Lebanon's 'Captagon King' sentenced to 7 years in jail
Hassan Dekko has denied any involvement in drug trafficking, claiming he worked with the Syrian military.
2 min read
09 December, 2022
Captagon, known as 'poor man's cocaine' has been sweeping the region [Getty images]

A Lebanese court handed a man known as the "Captagon King" a seven-year sentence with hard labour Thursday for producing and trafficking the illegal drug, a judicial source told AFP.

This is the first time a major drug baron is convicted in a captagon case in Lebanon.

Hassan Dekko, a Lebanese-Syrian drug kingpin with high-level political connections in both countries, is accused of once running an empire out of a Lebanese border village in the notoriously lawless Bekaa region.

But Lebanese security forces arrested him in April last year after several major captagon hauls.

"Dekko was handed seven years of hard labour and convicted of manufacturing captagon pills, and smuggling them abroad," said the judicial source.

The Beirut court that issued the verdict is not taking part in a nationwide judges' strike that has paralysed the judiciary since August.

Most of global captagon production originates in Syria, spurring an illegal $10 billion industry, according to estimates drawn from official data by AFP, making the drug the country's largest export by far.

In court documents obtained by AFP, Dekko denied any involvement in drug trafficking, claiming he worked with the Syrian military.

But Lebanese security sources claim that some of the businesses he owns, including a pesticide factory in Jordan, a car dealership in Syria and a fleet of tanker trucks, are common covers for drug lords.

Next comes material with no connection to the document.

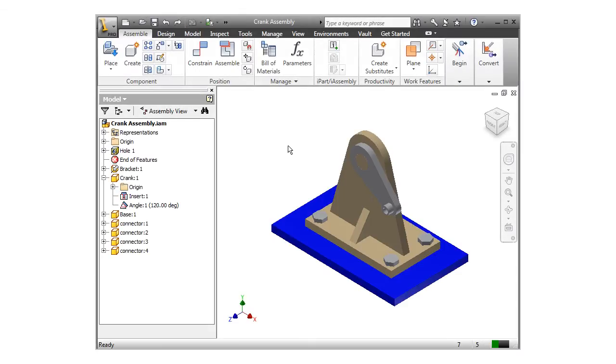Analyze Interference is a valuable tool for detecting design errors in assemblies that don't have moving parts. However, if your assembly has moving parts, collision detection is the tool that will help you make sure your mechanism is free of design flaws.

The court found that Dekko was in contact with drug smugglers in Syria and that he asked one of the defendants in the same case to purchase materials used to produce captagon pills.

Dekko previously worked with police intelligence in Lebanon, the court found, leaking information about some captagon shipments smuggled abroad.

But the investigation showed he purposefully failed to inform them about other shipments, the source said.

Twenty-five others, including three of Dekko's brothers, were sentenced to hard labour for life in absentia.

Lebanese authorities have ramped up efforts to counter captagon production and trafficking after backlash from conservative Gulf nations, key markets for shipments of the amphetamine-type narcotic.

Saudi Arabia is the largest market for captagon, a versatile drug popular among the partying elite but also used for weight loss and by students working several jobs.